3. A powder coating apparatus according to claim 1 or 2 wherein said circulating stream
forming means has ejectors for blowing air upward from a lower portion of said booth.
4. A powder coating apparatus according to any one of claims 1 to 3 further comprising
a rectifying unit, arranged immediately above said fluidized bed, for rectifying a
stream of the powder coating material.
5. A powder coating apparatus according to any one of claims 1 to 4 wherein said booth
has openings at both ends in the longitudinal direction thereof, said holding means
moving the object to be coated in the longitudinal direction of said booth while holding
the object to be coated so that the object to be coated is allowed to pass through
said booth via the openings at both ends, said holding means electrically grounding
the object to be coated.
6. A powder coating apparatus according to claim 5 further comprising:
sucking means for sucking air from the openings at both ends in the longitudinal direction
of said booth; and
a bag filter for entrapping the powder coating material contained in the air sucked
by said sucking means.
7. A powder coating method comprising the steps of:
fluidizing powder coating material on the bottom of a booth;
introducing said fluidized powder coating material to blow said introduced powder
coating material into said booth from an upper portion of said booth;
introducing an object to be coated into said booth;
producing an electric field for inducing said powder coating material around said
object to be coated; and
forming a circulating stream of said powder coating material within said booth.

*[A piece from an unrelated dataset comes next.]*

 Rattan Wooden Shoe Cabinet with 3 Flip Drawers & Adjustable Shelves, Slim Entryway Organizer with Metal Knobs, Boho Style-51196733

8. A powder coating method according to claim 7 further comprising a step of passing
said object to be coated through said booth by moving said object to be coated in
a longitudinal direction of said booth.
9. A powder coating method according to claim 8 further comprising a step of sucking
air from an entrance and an exit for said object to be coated which are provided at
both ends in the longitudinal direction of said booth to thereby entrap said powder
coating material contained in said sucked air.